======== EXTRACTED RECORDS

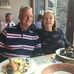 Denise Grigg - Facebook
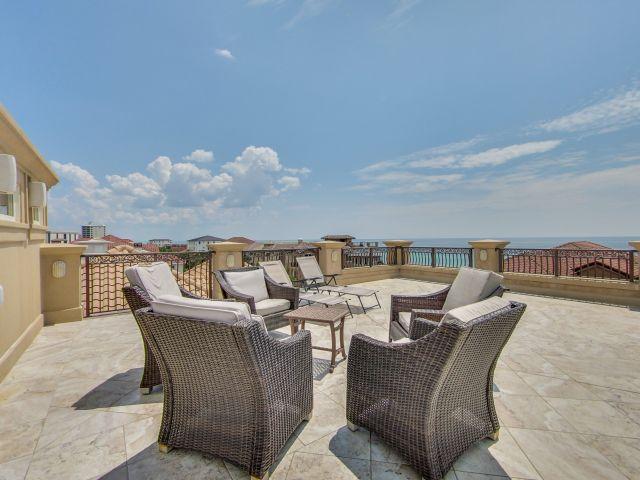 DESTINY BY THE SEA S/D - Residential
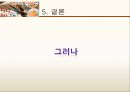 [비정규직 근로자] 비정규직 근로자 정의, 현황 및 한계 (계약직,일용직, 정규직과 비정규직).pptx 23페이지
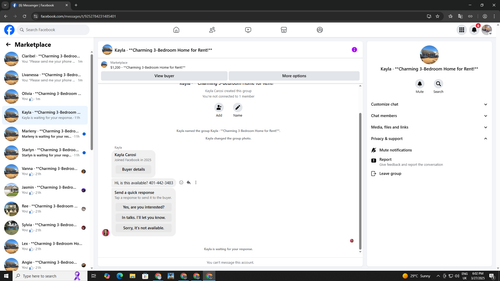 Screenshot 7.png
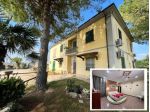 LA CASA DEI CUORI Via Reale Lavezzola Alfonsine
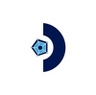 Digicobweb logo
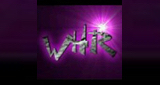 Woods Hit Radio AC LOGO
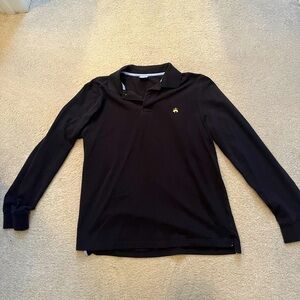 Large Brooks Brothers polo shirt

================

*TASK DETAILS*. Write out each line of the data exactly; the images should be left out.

*ANSWER TO THE EXERCISE*.
 Denise Grigg - Facebook
 DESTINY BY THE SEA S/D - Residential
 [비정규직 근로자] 비정규직 근로자 정의, 현황 및 한계 (계약직,일용직, 정규직과 비정규직).pptx 23페이지
 Screenshot 7.png
 LA CASA DEI CUORI Via Reale Lavezzola Alfonsine
 Digicobweb logo
 Woods Hit Radio AC LOGO
 Large Brooks Brothers polo shirt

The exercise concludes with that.